• WORK REQUIRED
Go to the line containing "70-200mm f2.8 DG DN" in the listing below. Output that line and each later one exactly.
BEGIN PROVIDED MATERIAL
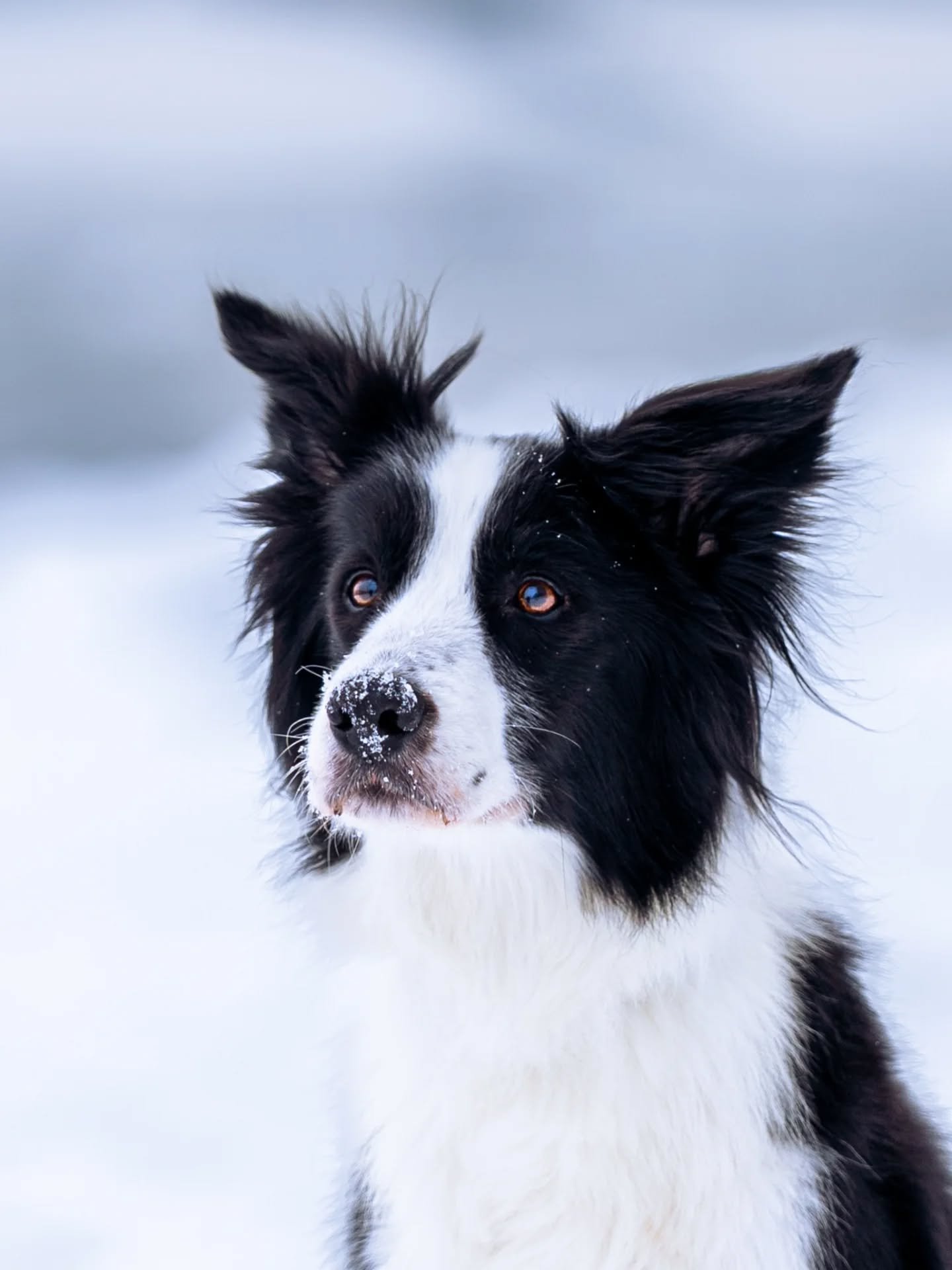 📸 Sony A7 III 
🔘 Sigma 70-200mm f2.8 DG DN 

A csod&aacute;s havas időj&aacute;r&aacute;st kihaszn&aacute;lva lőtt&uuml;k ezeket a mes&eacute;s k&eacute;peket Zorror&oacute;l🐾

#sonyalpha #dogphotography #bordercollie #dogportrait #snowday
END PROVIDED MATERIAL
• ANSWER TO THIS PROBLEM
🔘 Sigma 70-200mm f2.8 DG DN 

A csod&aacute;s havas időj&aacute;r&aacute;st kihaszn&aacute;lva lőtt&uuml;k ezeket a mes&eacute;s k&eacute;peket Zorror&oacute;l🐾

#sonyalpha #dogphotography #bordercollie #dogportrait #snowday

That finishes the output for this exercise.